Last year China's private-sector demand for gold reached a record level of 1,132 tonnes, and according to the World Gold Council (WGC), the Asian nation could easily dominate the gold market once again, as they predict demand growing 20% by 2017.
This updated projection from the WGC confirms what I've written about previously: China's love for the precious metal remains robust.
We are witnessing this country transform into an economic powerhouse, and now, the world's largest gold market!
Investors would do well to recognize the following main drivers behind this tremendous growth.
1. A new middle class has more money to spend.
Despite all the grandiose numbers we see in China's gold market, the Asian nation hasn't always been the "golden goose" of the game.
The WGC points out in its recent report, "China's Gold Market: Progress and Prospects," that only in the last several years has China seen an emerging middle class supported by higher incomes.
For example, Shenzhen is currently a city with more than 10 million people, accounting for 70% of China's jewelry fabrication. Just 30 years ago however, it was only a small town of around 330,000 people, meaning consumer demand for gold at that time was minimal at best.
Over the last 10 years, however, a new middle class has emerged, and consumers have been enjoying their new wealth.
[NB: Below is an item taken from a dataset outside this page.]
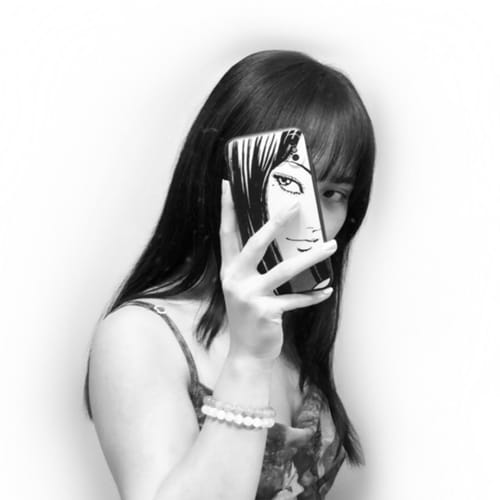Customer photo review of TOMIE Selfie iPhone Case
As gross domestic product (GDP) began to rise, people started buying more gold jewelry and coins.
In addition to increased spending on these items, the investment demand for the yellow metal progressed as the population sought a hedge against inflation.
2. Jewelry is still the top demand driver.
The WGC report also reaffirms the ongoing power of the "Love Trade." The Love Trade, one of the two main drivers of gold, along with the "Fear Trade," relates to the cultural affinity for the precious metal, particularly in Asia, India, and the Middle East.
Consumers continue to purchase gold jewelry and coins year after year, and demand rises in synch with gift giving for religious holidays and celebrations.